Aug 29, 2005  •  Post A Comment

Wall Street continued last week to raise questions about the long-term viability of digital video recorder company TiVo after the company surprised investors by warning it would abandon its goal of achieving profitability in the fourth quarter in favor of raising marketing expenses to build its standalone subscriptions.

That warning seemed to overshadow news the company had eked out a fiscal second-quarter profit and had reached an agreement with multiple system operator Cablevision Systems to test-market TiVo’s DVR product as part of the cable operator’s triple-play package of video, voice and data services. Shares in TiVo tumbled more than 15 percent Thursday on the company’s profit warning.

The company said it posted a second-quarter profit of $240,000 versus a year-earlier loss of $10.8 million. Revenue for the three months ended July 31 slipped slightly to $39.3 million from a year-earlier $39.8 million.

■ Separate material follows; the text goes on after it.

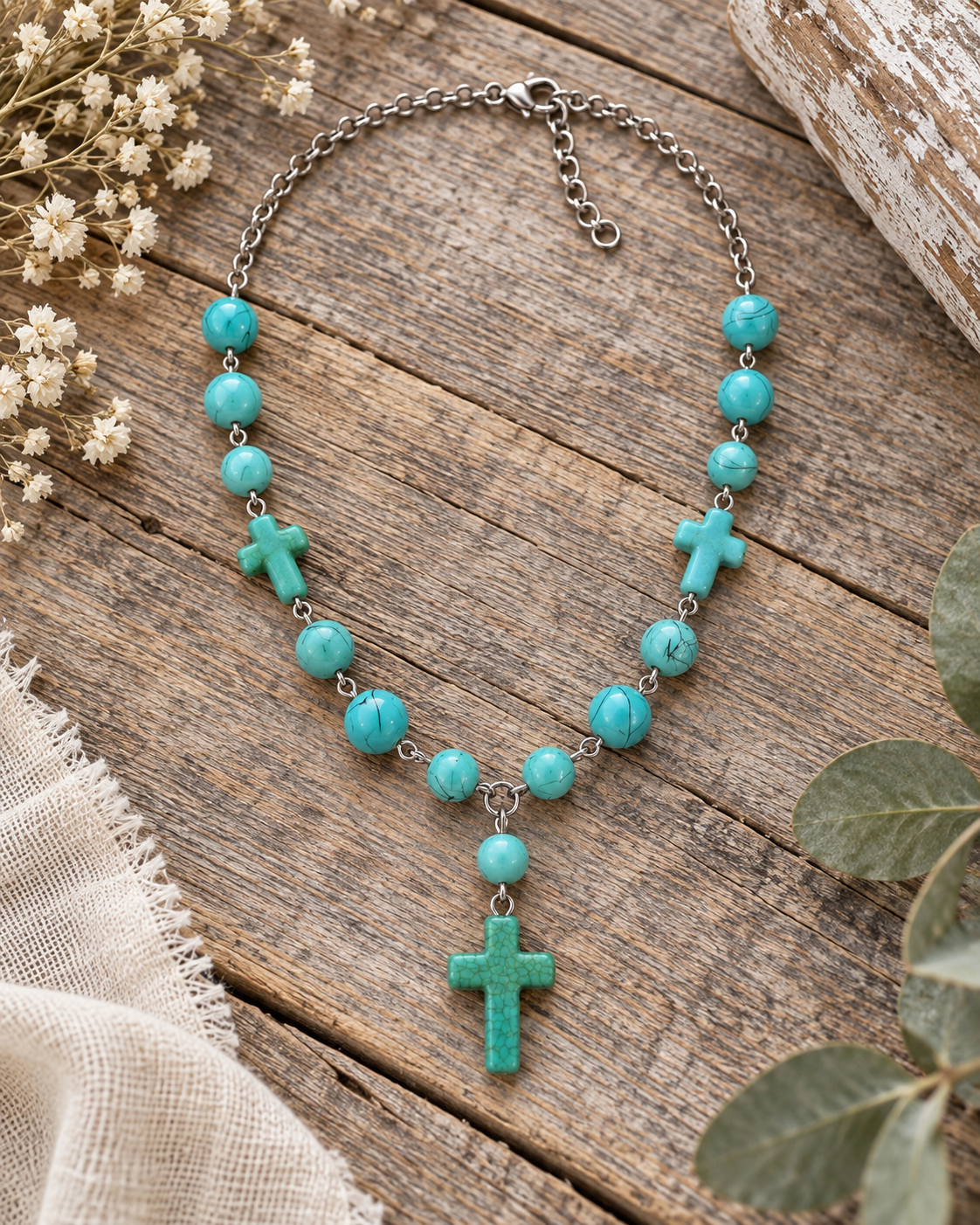 Desert Faith cross necklace styled on rustic wood with turquoise-colored beads and silver-tone chain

At the same time, TiVo announced it will run tests of its DVR with a wireless router, enabling users to use the service without the need for a telephone line to transmit relevant data required to record programs. The DVR used in the Cablevision tests will rely on Cablevision’s high-speed Internet service, which will be accessed via a wireless router.

The deal marks the second pact TiVo has struck with a cable company. Earlier this year the company entered into a long-term pact with Comcast to deploy TiVo’s DVRs and software in Comcast set-top boxes. That deal breathed new life into TiVo, which has largely relied on its reselling relationship with satellite operator DirecTV for growth.

However, what seems at issue for some investors is a continual change in strategy at the company, which has struggled to come up with a plan to grow its business in the face of an evaporating relationship with the source of most of its growth, satellite operator DirecTV.

DirecTV beginning in October will de-emphasize TiVo-branded DVRs in favor of those from rival NDS Group, which, like DirecTV, is controlled by Rupert Murdoch’s News Corp. And while TiVo has begun looking to strike relationships with cable operators such as Comcast, and now Cablevision, the company has also sought to build up the number of TiVo-owned subscribers-an uphill battle given the cable industry’s push to deploy its own DVR-equipped set-top boxes.

“While new management [led by recently named CEO Tom Rogers] was upfront about TiVo’s challenges, we remain skeptical about its strategy, which seems to change on a quarterly basis,” said Alan Bezoza, an analyst at Friedman Billings Ramsey.

Much of TiVo’s growth for the past several years has been driven by the DirecTV relationship. Though TiVo saw its subscriber base grow by 254,000 to 3.8 million subscribers, DirecTV accounted for 214,000 of those new subscribers, while TiVo-owned subscriptions accounted for the other 40,000, down from 63,000 a year ago.

Shifting that growth away from TiVo will be a challenge, said Mr. Bezoza, who noted that TiVo won’t have much in the way of inventory during the critical holiday season. Plus, he doubted that TiVo would be able to move the dial much with its cable alliances, given it is unclear just how aggressive cable operators will push TiVo-branded products versus their own DVRs.